テラ・ルネッサンスではカンボジアやラオスで地雷除去団体、不発弾処理の支援の他、アフリカで子ども兵の社会復帰支援にも取り組んでいます。子ども兵は確認されているだけで25万人いると言われていて、テラ・ルネッサンスの主な活動地域はウガンダ、ブルンジ、コンゴ民主共和国の3カ国です。

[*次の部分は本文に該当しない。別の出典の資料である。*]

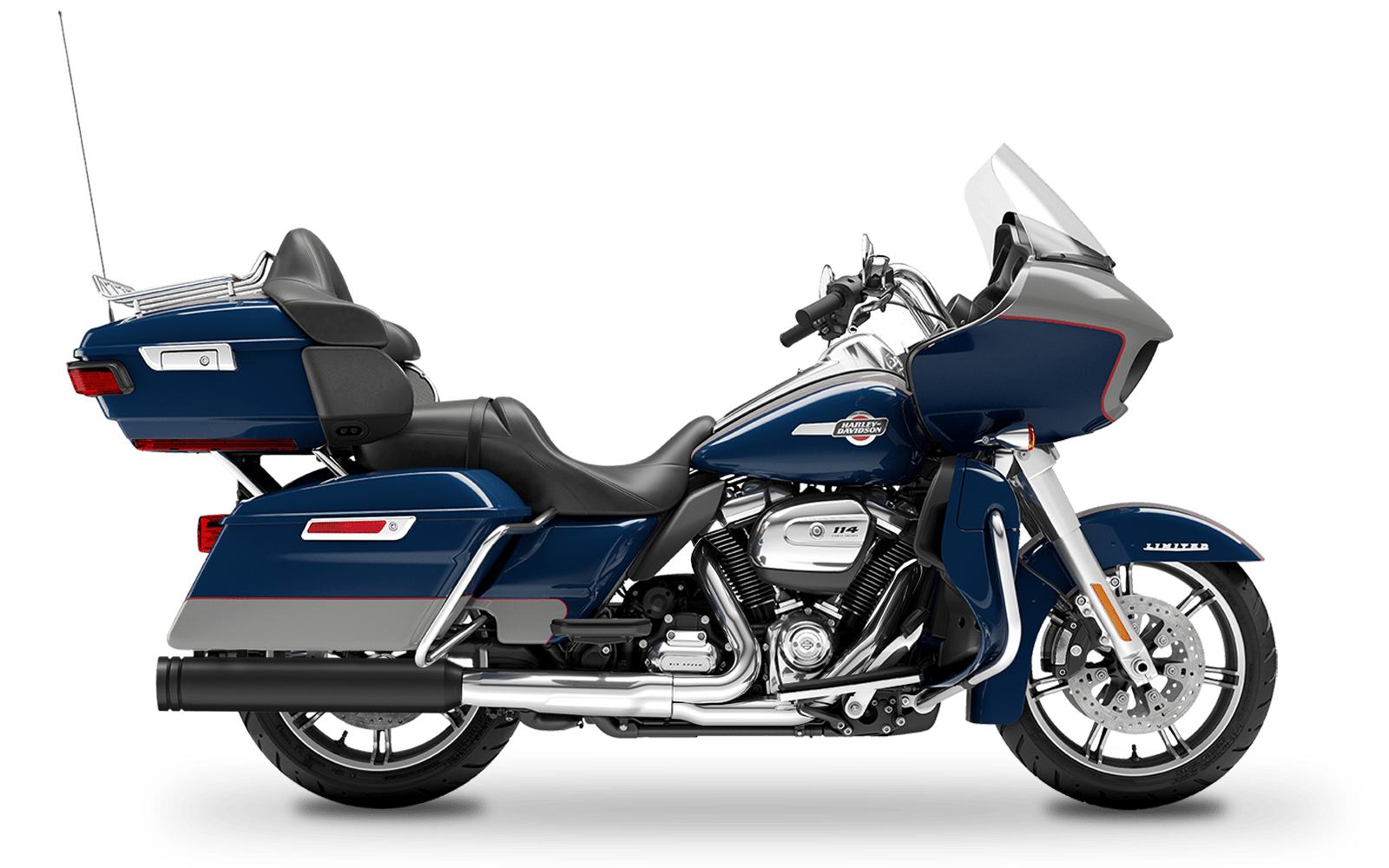 2021-2024 Harley-Davidson Road Glide Limited - Slipons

現場で起こっている事実を知っていただくことはとても重要なことです。こういう活動をしている先輩に「たった一人が問題だと思っている事は家族や従業員や仲間に話し、共有される事で解決すべき課題に変わっていく」と教わりました。それで、多くの方に知っていただきたいと色んな場所でお話しています。

 

忘れられた戦争

コンゴ民主主義共和国はアフリカで2番目に大きく6000万人が暮らしています。国土のほとんどがジャングルで、低木地域やうっそうとしたジャングルが広がっています。国内での移動は特に東側への移動が大変で、雨期は道がぬかるんで轍が10cmから30cmにもなるため10分に一回スタックするような状態で、橋も所々修復しながら進みます。そうやって私たちが作った社会復帰センターへ毎年8月に行っています。なぜそんな行くのも大変なところに行くのでしょう?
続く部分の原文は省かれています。